Das mit dem Festplatten abschalten, hab ich mir auch schon mal gedacht... mal schauen, ob ich das irgendwie hinkriege und ob es von Bios/Festplatte überhaupt unterstützt wird.

Von S1/S3-Modus hab ich noch nix gehört, klingt aber interessant... ist das einer von diesen Modi, wo man auf gut Glück entscheiden darf, ob der Prozessorlüfter weiterbläst oder nicht?  :Smile: 

----------

## Earthwings

Schau ins Datenblatt deiner Festplatte, da erfährst du die MTBF (mean time between failure, zu deutsch erwartete Lebendsdauer) und die max power-on cycles (oder so ähnlich, zu deutsch die Anzahl Ein/Ausschaltvorgänge, die die Festplatte erträgt). Aus beiden Werten kannst du dann ausrechnen, nach wieviel Minuten Leerlauf es besser ist, die Festplatte auszuschalten.

----------

## Lockheed

Gute Idee, danke!

Mal schauen, ob ich mit Smart was auslesen kann...

----------

## pir187

nur mal so meine meinung zum thema "festplatte in standby schicken"...

das hochfahren einer platte belastet die lager und mechanik viel stärker als langer dauerlauf. dann sind die beschleunigungskräfte auf die mechanik viel stärker und somit steigt der verschleiß. zum (hoffentlich passenden) vergleich: ein auto, das viel langstrecke läuft, hat bei selber km-leistung meist auch einen besseren zustand (verschleißmäßig) als 'ne karre, die täglich 2x10km zur und von der arbeit bewegt wird (vor allem, weil deren besitzer denken: "ich fahre nicht viele km, dann geht das auto auch nicht so schnell kaputt.").

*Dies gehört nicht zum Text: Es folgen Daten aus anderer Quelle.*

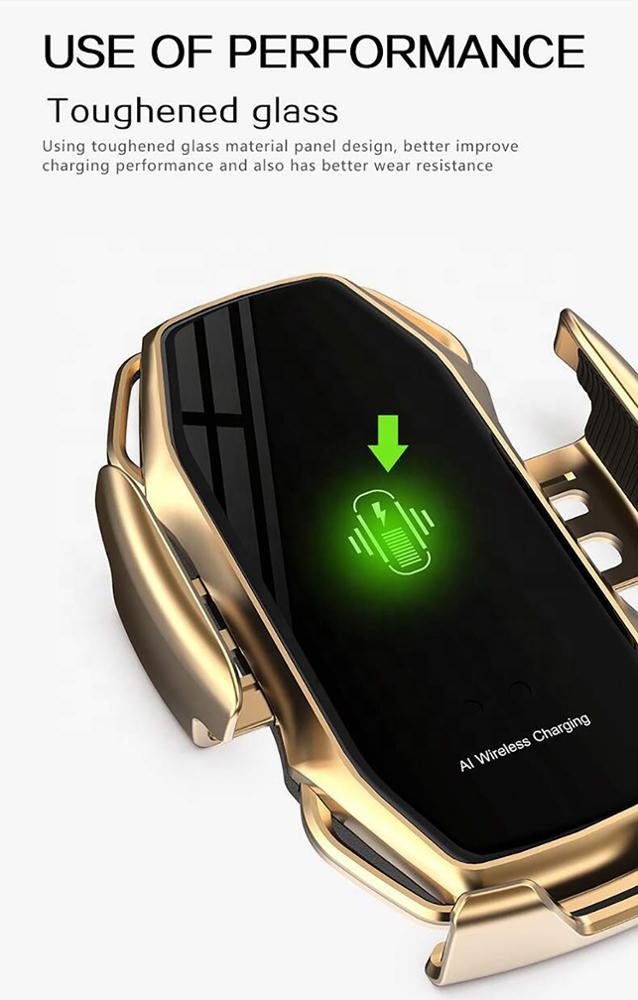 10W Wireless Car Charger With Secure Mounting and Fast Charging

platten sind zum betrieb gedacht. beim start benötigt sie mehr strom als im dauerlauf.

ich habe mein notebook auch so eingestellt (windows), dass die platte nicht mehr sofort ausgeschaltet wird, wenn ich mal 3min die mouse nicht bewege. soll die eben drehen, was soll's? in meinem desktop-rechner läuft die linux-platte immer, die windows-platte schaltet sich nach 3min ab. dies macht sie aber nur, da ich quasi nie durch linux auf sie zugreife. dann braucht sie auch nicht zu drehen und verbraucht keinen strom.

nur so...

pir187

----------

## RHBaum

 *Quote:*   

> "ich fahre nicht viele km, dann geht das auto auch nicht so schnell kaputt."

 

Im Gegenzug kommt aber auch kein Familienvater auf die Idee, um den Auto eione hoehere Laufzeit zur Lebenszeit zu goennen, einfach dem junior die Schlussel in die Hand zu druecken und die ganze nacht um den Block fahren zu lassen ^^ 

Naja wenn der Junior selber tankt, amgs noch gehen ^^ 

Bei der Pladde isses aehnlich , man muss wissen was man lieber schonen will, die pladde, seine Nerven, oder den geldbeutel ^^ 100 Euro aller 3 Jahre (wo man garantie meist drauf hat) sind nicht allzuviel laufzeit rein vom Strom her, wenn man bedenkt das neben der pladde selber meist noch andere komponenten mitlaufen ... 

Ciao ...

----------

## oscarwild

 *RHBaum wrote:*   

> man muss wissen was man lieber schonen will, die pladde, seine Nerven, oder den geldbeutel

 ...oder die Daten darauf!

Auf die gibts selten 3 Jahre Garantie. Aber ich weiss: natürlich zieht jeder in so einem Fall seine regelmäßig durchgeführten Backups heraus, gelle  :Wink: 

Direkt zum Thema: HDD-Standby ist i.d.R. nur für Notebooks sinnvoll, wenn die Akkulaufzeit relevant ist, und dort aufgrund der kleineren Bauform auch nicht so belastend für Mechanik und Motorwicklung. Oder für Platten, die wirklich nur gelegentlich benutzt werden.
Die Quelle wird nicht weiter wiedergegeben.